10. Oktober – Irrtum in der Krise

Es muss sich um einen Irrtum handeln. Ganz bestimmt!“ Auf der Suche nach Zustimmung schaute Susanne zu Irene, aber die senkte den Blick und drehte den Kopf leicht zur Seite. Auch Herbert wich ihrem Blick aus. Franz hatte sich bereits abgewandt. Susannes Hände fielen auf den Tisch, ihre Schultern sanken herab. Der Ober reichte ihr die Kreditkarte zurück. Da Susanne sich nicht rührte, legte er sie neben ihre zerknüllte Serviette.

„Wer von den Herrschaften zahlt nun?“

Die Nervosität war ihm anzusehen. Sein Adamsapfel hüpfte im Hals auf und ab, während er die Tischgesellschaft erwartungsvoll ansah. Schließlich zückte Herbert mit einem leisen Seufzer sein Portemonnaie und legte ein paar große Scheine in die gefaltete Rechnung.
„Der Rest ist für Sie!“

Mit einer kleinen Verbeugung und einem verkniffenen Lächeln, das noch nicht einmal bis zu seinen Mundwinkeln reichte, machte der Ober kehrt, die Hand fest um die Beute gelegt.
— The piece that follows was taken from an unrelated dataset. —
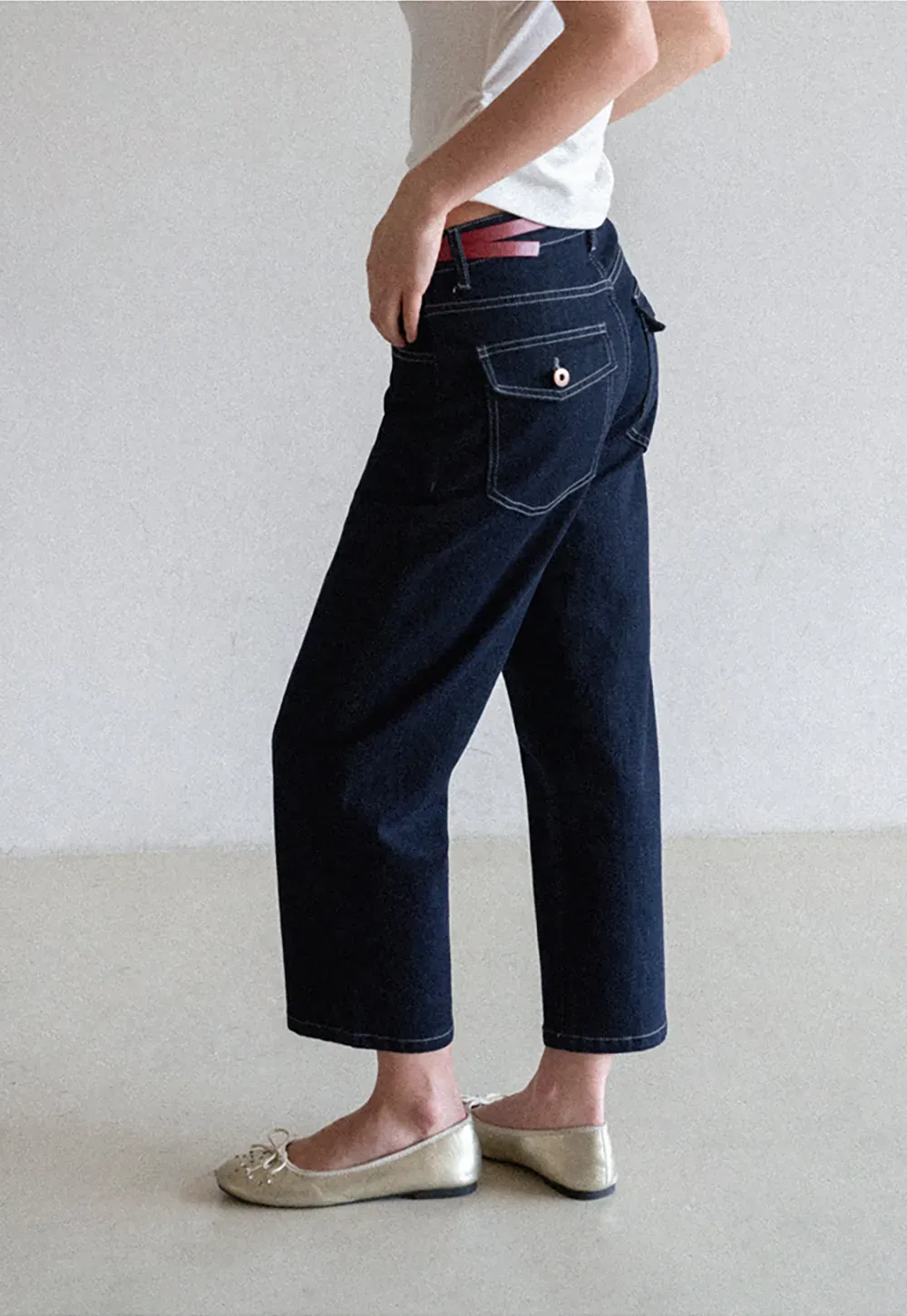 High Waist Straight Cut Cropped Jeans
Susanne blickte auf und sah in die Runde. Sie öffnete den Mund und schloss ihn wieder.
Irene entschloss sich, den peinlichen Moment mit einer Bemerkung über das Golfturnier am kommenden Wochenende zu überspielen. Und Franz ließ sich dazu herab die Chancen von Herbert zu loben. Dann wanderte die Unterhaltung zum Thema Benefiz-Gala im November.

Susanne versuchte ein, zwei Mal eine kleine Bemerkung einzuwerfen. Aber die drei anderen schlugen sich die Sätze zu wie Pingpongbälle und ignorierten völlig ihre Anwesenheit.

Da straffte sie die Schultern und lächelte ebenso unecht wie vorher der Ober. Sie stand auf und ging ohne Abschied davon. Hinter ihrem Rücken hörte sie noch das charakteristische Tuscheln aufbranden. Sie verstand, auch ohne zu hören, was sie sagten.

Tränen sammelten sich in ihren Augenwinkeln. Susanne musste heftig zwinkern, um sie zu bezwingen.

Die Kühle der Nacht umfing sie, als sie endlich das Restaurant verließ. Ihre Handtasche baumelte herab. Die hohen Schuhe waren unbequem. Sie war ohne Auto, Herbert hatte sie heute Nachmittag abgeholt. Und nun ließ ihr Stolz nicht zu, sich drinnen ein Taxi rufen zu lassen.

Also lief sie. Nach einer Weile zog sie die Stöckelschuhe aus und ging barfuß. Vielleicht wurde es Zeit, sich daran zu gewöhnen.